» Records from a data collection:
• • • • •
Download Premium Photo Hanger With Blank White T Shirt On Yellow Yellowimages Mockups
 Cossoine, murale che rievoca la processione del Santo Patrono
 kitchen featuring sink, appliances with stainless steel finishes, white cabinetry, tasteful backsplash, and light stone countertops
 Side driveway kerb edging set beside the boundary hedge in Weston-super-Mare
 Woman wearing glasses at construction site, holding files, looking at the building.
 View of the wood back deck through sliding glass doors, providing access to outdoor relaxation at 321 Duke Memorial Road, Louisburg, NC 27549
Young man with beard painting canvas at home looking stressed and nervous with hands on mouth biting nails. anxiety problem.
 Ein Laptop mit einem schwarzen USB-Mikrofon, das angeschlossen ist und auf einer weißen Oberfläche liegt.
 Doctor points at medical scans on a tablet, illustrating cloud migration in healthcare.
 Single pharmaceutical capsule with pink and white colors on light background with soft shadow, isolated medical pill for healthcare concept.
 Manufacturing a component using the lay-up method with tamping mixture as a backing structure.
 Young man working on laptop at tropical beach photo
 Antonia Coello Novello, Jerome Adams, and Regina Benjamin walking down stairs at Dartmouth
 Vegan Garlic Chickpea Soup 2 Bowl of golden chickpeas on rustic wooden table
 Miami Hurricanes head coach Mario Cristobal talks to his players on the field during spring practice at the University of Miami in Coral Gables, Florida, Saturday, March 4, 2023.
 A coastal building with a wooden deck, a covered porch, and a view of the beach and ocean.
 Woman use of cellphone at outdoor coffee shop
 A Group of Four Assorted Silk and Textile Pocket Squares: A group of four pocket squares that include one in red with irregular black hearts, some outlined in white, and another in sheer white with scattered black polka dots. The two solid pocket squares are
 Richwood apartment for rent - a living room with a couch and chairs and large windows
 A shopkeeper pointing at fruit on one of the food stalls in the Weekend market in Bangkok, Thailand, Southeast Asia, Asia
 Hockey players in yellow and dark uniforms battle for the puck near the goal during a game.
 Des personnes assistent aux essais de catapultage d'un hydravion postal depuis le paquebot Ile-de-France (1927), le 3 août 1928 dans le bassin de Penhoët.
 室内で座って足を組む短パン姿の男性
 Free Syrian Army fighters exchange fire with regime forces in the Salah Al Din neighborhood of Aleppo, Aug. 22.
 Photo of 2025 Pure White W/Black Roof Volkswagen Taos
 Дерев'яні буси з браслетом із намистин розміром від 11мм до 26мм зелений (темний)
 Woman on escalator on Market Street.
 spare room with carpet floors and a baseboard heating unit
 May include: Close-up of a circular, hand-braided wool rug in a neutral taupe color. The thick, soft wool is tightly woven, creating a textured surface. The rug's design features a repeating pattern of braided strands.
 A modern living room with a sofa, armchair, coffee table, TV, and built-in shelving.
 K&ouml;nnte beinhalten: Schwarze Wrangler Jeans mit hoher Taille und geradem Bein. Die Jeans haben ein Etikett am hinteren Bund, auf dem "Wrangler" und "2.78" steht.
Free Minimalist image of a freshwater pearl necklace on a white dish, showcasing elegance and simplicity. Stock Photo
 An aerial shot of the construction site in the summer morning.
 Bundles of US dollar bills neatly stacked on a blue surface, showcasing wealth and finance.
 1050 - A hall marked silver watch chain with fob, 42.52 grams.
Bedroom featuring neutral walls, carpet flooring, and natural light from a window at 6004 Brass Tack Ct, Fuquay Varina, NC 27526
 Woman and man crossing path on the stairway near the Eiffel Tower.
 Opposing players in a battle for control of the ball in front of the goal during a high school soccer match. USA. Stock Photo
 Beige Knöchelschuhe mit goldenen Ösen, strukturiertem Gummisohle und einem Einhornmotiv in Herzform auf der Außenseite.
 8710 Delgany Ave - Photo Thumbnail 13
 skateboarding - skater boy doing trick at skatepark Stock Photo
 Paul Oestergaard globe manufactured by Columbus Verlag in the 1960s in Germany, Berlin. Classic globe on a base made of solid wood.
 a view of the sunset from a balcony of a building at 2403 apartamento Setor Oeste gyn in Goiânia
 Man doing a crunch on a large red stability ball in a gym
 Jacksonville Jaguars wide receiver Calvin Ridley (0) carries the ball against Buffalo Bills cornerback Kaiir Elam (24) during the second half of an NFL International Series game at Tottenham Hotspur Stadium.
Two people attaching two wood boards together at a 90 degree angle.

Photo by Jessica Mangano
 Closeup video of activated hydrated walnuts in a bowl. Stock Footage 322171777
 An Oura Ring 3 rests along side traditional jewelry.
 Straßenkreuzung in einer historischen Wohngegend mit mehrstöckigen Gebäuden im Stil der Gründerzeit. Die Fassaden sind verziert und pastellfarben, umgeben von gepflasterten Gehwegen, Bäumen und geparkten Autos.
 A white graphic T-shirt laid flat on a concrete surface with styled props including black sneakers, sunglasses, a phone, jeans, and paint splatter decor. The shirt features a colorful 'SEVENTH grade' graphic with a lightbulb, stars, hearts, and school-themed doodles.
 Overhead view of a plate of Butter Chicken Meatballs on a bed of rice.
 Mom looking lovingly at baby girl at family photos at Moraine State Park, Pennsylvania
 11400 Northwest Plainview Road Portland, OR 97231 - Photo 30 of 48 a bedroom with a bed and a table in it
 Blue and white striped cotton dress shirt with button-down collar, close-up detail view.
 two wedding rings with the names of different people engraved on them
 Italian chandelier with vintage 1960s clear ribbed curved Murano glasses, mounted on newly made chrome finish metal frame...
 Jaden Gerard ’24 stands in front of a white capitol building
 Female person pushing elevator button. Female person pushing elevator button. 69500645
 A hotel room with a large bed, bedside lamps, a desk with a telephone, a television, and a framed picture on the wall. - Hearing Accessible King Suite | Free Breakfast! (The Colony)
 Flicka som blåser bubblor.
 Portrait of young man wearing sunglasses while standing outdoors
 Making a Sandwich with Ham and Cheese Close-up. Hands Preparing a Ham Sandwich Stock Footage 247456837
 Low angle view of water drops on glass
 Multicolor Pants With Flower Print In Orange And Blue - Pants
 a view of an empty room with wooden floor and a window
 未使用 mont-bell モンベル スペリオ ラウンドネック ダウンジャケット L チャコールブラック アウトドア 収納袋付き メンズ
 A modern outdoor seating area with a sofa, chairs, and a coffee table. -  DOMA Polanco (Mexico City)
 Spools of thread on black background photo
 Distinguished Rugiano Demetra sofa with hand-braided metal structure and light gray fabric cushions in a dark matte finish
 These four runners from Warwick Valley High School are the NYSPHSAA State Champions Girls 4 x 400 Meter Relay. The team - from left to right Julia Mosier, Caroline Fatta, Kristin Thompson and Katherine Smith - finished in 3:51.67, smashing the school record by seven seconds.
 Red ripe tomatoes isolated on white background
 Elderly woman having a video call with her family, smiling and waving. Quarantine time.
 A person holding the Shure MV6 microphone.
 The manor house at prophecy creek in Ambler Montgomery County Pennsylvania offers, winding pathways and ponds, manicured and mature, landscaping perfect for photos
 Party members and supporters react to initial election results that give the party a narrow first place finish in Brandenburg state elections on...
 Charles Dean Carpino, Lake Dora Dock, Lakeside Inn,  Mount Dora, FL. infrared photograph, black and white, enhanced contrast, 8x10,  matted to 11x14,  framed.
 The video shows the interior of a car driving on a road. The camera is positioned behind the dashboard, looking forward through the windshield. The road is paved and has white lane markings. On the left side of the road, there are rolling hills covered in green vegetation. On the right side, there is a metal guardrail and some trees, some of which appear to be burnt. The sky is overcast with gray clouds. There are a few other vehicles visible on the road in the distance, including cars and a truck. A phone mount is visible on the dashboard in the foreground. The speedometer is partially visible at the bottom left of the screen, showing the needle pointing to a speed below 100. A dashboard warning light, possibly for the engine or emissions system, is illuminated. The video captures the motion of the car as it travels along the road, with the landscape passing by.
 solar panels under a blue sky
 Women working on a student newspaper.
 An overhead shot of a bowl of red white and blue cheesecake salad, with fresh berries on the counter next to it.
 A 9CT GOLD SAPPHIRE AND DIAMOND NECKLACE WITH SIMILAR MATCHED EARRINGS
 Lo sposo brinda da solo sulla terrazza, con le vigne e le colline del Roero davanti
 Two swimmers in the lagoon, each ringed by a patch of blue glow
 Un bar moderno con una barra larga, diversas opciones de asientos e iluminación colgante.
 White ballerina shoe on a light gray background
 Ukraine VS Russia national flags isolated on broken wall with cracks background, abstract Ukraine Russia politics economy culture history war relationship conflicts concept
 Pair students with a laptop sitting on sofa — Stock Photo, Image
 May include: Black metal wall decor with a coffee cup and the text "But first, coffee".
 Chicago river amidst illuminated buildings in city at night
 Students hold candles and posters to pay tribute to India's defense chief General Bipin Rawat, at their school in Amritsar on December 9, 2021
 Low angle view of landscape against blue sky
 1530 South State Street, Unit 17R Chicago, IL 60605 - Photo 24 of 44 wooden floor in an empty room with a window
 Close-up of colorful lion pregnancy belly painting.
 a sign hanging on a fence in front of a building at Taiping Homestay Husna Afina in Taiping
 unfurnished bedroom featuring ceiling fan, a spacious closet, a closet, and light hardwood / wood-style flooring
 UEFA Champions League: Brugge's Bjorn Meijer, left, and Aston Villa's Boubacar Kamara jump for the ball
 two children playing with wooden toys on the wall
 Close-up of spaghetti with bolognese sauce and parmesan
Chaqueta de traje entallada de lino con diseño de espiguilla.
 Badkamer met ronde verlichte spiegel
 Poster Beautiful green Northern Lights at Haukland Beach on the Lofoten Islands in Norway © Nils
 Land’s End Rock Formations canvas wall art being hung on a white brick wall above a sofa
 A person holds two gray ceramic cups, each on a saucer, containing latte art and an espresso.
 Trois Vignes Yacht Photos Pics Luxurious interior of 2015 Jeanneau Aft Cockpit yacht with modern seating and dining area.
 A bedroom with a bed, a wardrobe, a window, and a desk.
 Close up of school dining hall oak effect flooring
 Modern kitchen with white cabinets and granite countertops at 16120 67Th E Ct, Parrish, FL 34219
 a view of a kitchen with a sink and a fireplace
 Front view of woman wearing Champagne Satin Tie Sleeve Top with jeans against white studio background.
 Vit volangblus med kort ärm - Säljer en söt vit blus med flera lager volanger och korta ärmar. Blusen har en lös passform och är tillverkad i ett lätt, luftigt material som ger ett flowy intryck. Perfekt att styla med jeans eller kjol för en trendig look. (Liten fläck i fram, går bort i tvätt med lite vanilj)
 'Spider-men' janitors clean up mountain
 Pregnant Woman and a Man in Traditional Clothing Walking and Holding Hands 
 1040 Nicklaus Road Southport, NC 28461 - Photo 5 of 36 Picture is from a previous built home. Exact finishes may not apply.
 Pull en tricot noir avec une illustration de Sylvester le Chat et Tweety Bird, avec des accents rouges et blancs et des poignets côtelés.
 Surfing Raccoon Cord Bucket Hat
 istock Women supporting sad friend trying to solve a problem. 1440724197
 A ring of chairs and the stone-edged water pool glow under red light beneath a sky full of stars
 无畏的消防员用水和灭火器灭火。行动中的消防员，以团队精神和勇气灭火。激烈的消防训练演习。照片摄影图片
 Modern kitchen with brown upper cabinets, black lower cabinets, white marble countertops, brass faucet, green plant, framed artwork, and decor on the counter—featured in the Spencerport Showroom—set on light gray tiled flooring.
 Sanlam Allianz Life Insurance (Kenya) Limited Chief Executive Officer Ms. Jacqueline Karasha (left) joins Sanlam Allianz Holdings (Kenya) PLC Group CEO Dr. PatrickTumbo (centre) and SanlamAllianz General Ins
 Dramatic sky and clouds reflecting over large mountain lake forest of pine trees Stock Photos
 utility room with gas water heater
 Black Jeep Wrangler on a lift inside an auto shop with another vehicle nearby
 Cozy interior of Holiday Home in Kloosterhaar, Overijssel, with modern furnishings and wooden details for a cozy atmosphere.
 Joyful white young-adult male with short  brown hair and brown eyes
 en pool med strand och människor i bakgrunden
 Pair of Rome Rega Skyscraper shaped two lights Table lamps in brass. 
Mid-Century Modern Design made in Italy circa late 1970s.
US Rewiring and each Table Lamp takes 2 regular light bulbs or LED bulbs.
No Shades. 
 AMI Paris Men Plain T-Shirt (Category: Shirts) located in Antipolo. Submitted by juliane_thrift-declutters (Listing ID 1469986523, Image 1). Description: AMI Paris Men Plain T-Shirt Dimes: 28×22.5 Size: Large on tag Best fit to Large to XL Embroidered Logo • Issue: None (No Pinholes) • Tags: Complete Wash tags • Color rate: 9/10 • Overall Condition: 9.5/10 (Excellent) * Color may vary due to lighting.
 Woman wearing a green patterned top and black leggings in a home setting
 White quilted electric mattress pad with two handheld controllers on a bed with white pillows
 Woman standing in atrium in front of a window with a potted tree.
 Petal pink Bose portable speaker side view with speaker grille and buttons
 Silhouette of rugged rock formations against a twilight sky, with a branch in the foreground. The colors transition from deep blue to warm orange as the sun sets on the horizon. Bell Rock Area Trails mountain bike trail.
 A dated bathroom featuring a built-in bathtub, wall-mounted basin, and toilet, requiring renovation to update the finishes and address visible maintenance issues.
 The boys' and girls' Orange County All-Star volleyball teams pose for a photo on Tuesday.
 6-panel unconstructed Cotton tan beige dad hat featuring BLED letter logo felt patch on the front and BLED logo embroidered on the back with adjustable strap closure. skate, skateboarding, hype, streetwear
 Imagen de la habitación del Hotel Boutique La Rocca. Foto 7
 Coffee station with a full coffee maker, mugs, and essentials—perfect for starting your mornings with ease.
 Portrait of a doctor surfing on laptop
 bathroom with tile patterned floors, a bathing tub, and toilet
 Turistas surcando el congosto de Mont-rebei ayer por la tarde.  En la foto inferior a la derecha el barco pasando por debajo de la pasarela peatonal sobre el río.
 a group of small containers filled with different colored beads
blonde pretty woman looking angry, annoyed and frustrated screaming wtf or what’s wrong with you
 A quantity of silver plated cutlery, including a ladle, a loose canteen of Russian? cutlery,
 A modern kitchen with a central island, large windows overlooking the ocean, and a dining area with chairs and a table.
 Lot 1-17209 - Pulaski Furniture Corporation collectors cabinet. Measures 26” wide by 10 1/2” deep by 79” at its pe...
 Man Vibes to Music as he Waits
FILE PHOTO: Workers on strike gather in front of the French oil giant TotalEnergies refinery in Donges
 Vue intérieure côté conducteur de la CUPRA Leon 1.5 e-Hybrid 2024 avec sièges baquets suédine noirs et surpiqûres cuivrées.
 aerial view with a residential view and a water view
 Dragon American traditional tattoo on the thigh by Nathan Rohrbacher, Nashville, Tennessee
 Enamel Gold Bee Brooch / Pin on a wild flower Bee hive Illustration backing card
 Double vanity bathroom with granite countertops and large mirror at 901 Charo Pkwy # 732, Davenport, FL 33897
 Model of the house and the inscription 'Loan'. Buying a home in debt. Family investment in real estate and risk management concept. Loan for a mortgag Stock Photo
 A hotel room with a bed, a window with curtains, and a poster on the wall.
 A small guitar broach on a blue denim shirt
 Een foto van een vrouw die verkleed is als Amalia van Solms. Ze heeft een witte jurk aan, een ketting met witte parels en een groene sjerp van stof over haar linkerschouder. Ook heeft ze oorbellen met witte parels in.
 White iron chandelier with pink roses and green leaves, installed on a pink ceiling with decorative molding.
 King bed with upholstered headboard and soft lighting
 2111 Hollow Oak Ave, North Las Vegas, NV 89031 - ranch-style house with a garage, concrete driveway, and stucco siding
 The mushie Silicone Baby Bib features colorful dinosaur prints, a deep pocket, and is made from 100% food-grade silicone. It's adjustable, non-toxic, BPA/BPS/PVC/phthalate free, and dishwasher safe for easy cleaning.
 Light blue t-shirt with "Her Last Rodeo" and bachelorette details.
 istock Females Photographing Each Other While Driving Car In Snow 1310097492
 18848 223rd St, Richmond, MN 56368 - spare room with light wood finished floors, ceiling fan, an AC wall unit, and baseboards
• • • • •
» ABOUT THIS EXERCISE: For this exercise, output exactly the lines above from the line with "The boys' and" to the line with "6-panel unconstructed Cotton", counting both, and leave out the rest.

» ANSWER BELOW:
 The boys' and girls' Orange County All-Star volleyball teams pose for a photo on Tuesday.
 6-panel unconstructed Cotton tan beige dad hat featuring BLED letter logo felt patch on the front and BLED logo embroidered on the back with adjustable strap closure. skate, skateboarding, hype, streetwear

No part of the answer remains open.